The implications for being able to capture human expressions within VR are going to be huge for social and telepresence experiences in VR. It’s pretty clear that Facebook and Oculus have a lot of interest in being able to solve this difficult problem, and it looks like we’ll start to see some of the breakthroughs that have been made at SIGGRAPH in August 2015 if not sooner.

As a sneak peak, one of student Hao Li’s students, Chongyang Ma, had the following photo on his website that shows an Oculus Rift HMD that has a rig with a camera in order to do facial capture.
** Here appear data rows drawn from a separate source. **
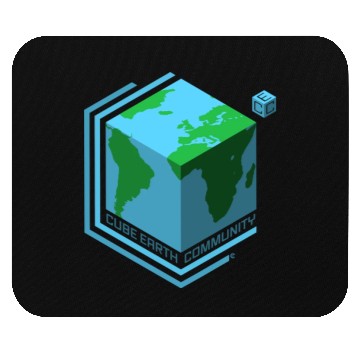 Discover Cube Earth Community Mouse Pads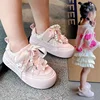 Size 26-36 New Autumn Cute Flower Aged 5-13 Children Shoes Soft Girls Non-slip Kids Princess Shoes Party Student Fashion Shoes 5
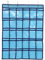 STOBOK Kalender-Taschendiagramm für Klassenzimmer, Handys, Taschenrechnerhalter für Lehrer, Wandaufhängung, Organizer mit 30 transparenten Fächern, 80 x 60 x 2 cm (blau)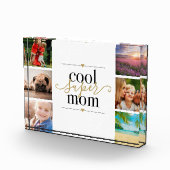 Zwart en Goud Cool Super Moeder 6 Fotoblokken (Rechts)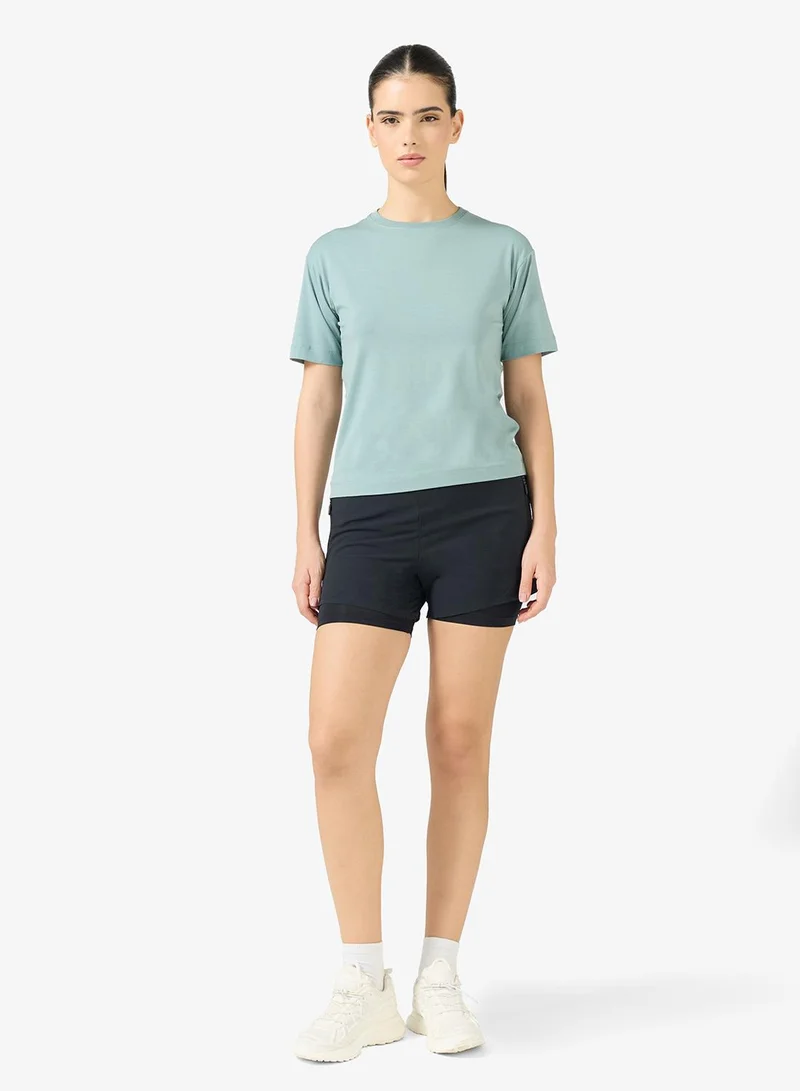 سن اند ساند سبورتس شورت بنمط تنورة أكتيف للنساء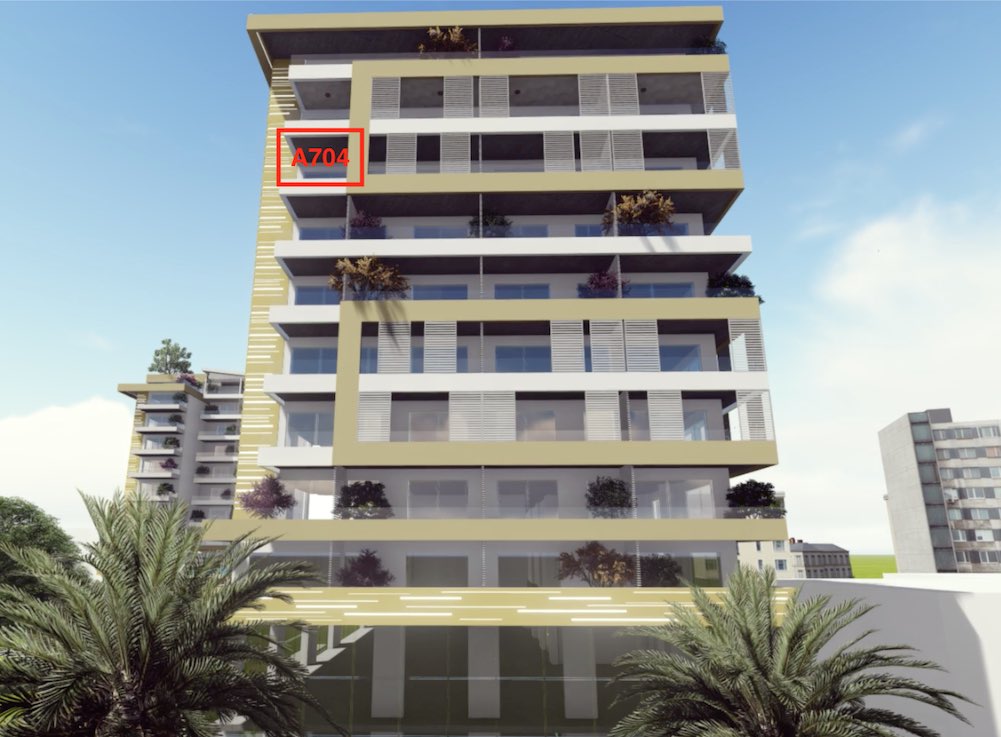Porto Budva - Two bedroom apartment A704, 9th floor, 89.07 m2 - Central sea and Old Town view 5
Okay. Back to this very brief interivew that I did with Martin at IEEE VR. Here’s the description of Martin’s presentation at the IEEE VR panel on Social interactions in VR

Self-Avatars: Body Scans to Stylized Characters
In VR, avatars are arguably the most natural paradigm for social interaction between humans. Immediately, the question of what such avatars really should look like arises. Although 3D scanning system have become more widespread, such a semi-realistic reproduction of the physical appearan ce of a human might not be the most effective choice; we argue that a certain amount of carefully controlled stylization of an avatar’s appearance might not only help coping with the inherent limitations of immersive real-time VR systems, but also be more effective at achieving task-specific goals with such avatars.

Martin mentions a paper titled Face Reality: Investigating the Uncanny Valley for Virtual Faces that he wrote with Rachel McDonnell for SIGGRAPH 2010.
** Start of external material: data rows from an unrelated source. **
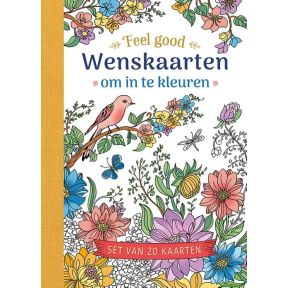 Wenskaarten om in te kleuren - Feel good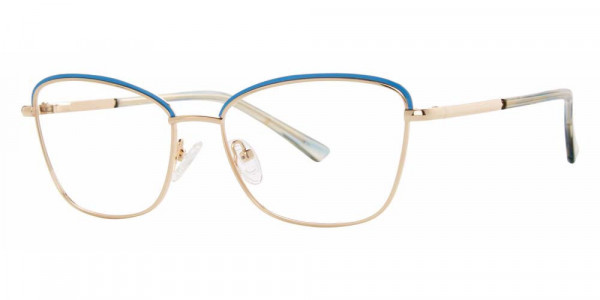 Genevieve ARDEN Eyeglasses, Light Blue/Gold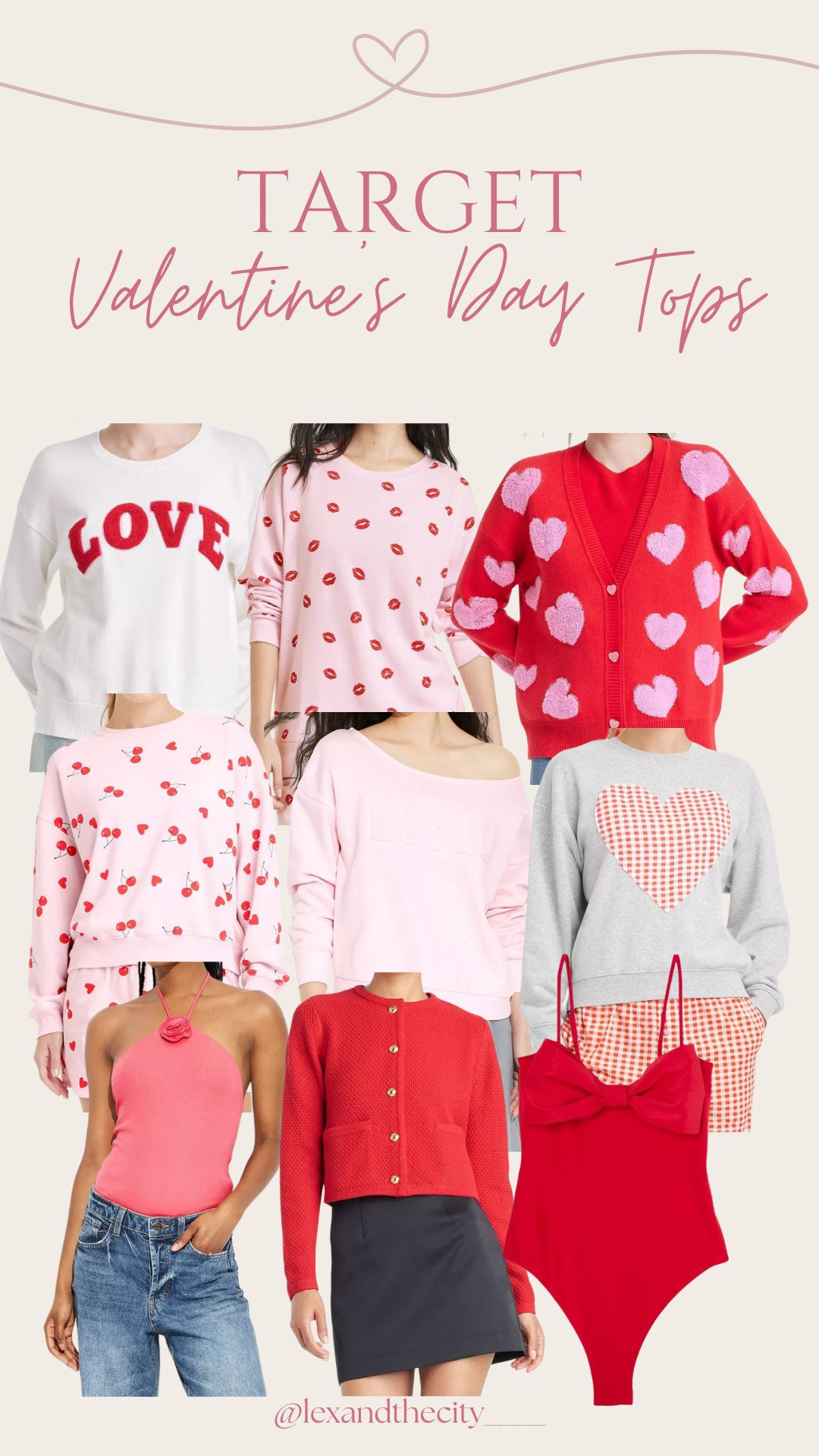 Valentine's Day tops at Target! 

 

#LTKSeasonal #LTKFindsUnder50 #LTKStyleTip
Here’s the introduction to that paper:

The Uncanny Valley (UV) has become a standard term for the theory that near-photorealistic virtual humans often appear unintentionally erie or creepy. This UV theory was first hypothesized by robotics professor Masahiro Mori in the 1970’s [Mori 1970] but is still taken seriously today by movie and game developers as it can stop audiences feeling emotionally engaged in their stories or games. It has been speculated that this is due to audiences feeling a lack of empathy towards the characters. With the increase in popularity of interactive drama video games (such as L.A. Noire or Heavy Rain), delivering realistic conversing virtual characters has now become very important in the real-time domain. Video game rendering techniques have advanced to a very high quality; however, most games still use linear blend skinning due to the speed of computation. This causes a mismatch between the realism of the appearance and animation, which can result in an uncanny character. Many game developers opt for a stylised rendering (such as celshading) to avoid the uncanny effect [Thompson 2004]. In this preliminary work, we begin to study the complex interaction between rendering style and perceived trust, in order to provide guidelines for developers for creating plausible virtual characters.

It has been shown that certain psychological responses, including emotional arousal, are commonly generated by deceptive situations
[DePaulo et al. 2003]. Therefore, we used deception as a basis for our experiments to investigate the UV theory. We hypothesised that deception ratings would correspond to empathy, and that highly realistic characters would be rated as more deceptive than stylised ones.

He mentions the famous graph by Masahiro Mori, who was a robotics researcher who first proposed the concept back in 1970 in Energy. That article was originally in Japanese, but I found this translation of it.

I have noticed that, as robots appear more humanlike, our sense of their familiarity increases until we come to a valley. I call this relation the “uncanny valley.”

Martin isn’t completely convinced that the conceptualization of the uncanny valley that Mori envisioned back in 1970 is necessarily the correct one. He’s interested in continuing to research and empirically measure the uncanny valley effect through experiments, and hopes to eventually come up with a data-driven model of what works in stylizing virtual humans within VR environments so that they’re the most comfortable with our expectations. At the moment, this job is being through the artistic intuitions from directors and artists within game development studios, but Martin says that this isn’t scalable for everyone. So he intends on continuing to research and better understand this uncanny valley effect.